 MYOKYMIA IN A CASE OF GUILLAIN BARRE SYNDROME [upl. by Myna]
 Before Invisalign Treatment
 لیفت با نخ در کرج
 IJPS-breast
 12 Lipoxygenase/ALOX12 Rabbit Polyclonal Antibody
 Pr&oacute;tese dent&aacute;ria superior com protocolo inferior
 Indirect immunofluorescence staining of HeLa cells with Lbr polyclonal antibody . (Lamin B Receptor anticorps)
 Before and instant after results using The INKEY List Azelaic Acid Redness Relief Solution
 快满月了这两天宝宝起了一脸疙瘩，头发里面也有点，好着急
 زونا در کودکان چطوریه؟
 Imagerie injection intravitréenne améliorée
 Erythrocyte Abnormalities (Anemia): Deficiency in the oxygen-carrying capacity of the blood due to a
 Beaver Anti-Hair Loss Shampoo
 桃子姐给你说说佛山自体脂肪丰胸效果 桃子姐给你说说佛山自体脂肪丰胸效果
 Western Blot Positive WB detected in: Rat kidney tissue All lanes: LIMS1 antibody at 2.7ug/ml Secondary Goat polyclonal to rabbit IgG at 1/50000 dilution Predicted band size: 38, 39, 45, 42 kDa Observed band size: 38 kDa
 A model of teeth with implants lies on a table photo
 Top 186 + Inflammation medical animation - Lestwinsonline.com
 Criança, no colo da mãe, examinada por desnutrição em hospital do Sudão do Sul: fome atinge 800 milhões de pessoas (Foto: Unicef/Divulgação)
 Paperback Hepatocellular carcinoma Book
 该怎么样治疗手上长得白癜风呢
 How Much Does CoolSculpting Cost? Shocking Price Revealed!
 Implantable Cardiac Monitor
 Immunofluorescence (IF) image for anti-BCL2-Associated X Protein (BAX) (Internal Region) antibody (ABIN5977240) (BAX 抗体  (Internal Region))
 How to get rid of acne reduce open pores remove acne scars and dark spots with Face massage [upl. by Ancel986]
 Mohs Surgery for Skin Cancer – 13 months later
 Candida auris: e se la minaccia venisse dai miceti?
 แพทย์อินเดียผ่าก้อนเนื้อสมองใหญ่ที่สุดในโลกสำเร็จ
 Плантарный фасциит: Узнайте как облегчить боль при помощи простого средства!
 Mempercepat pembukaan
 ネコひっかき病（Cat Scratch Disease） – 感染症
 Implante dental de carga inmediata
==============================
= EXERCISE OBJECTIVE =
Check each line of the records for the word "with", and show the lines that contain it.

= SOLUTION BELOW =
 Indirect immunofluorescence staining of HeLa cells with Lbr polyclonal antibody . (Lamin B Receptor anticorps)
 A model of teeth with implants lies on a table photo
 How to get rid of acne reduce open pores remove acne scars and dark spots with Face massage [upl. by Ancel986]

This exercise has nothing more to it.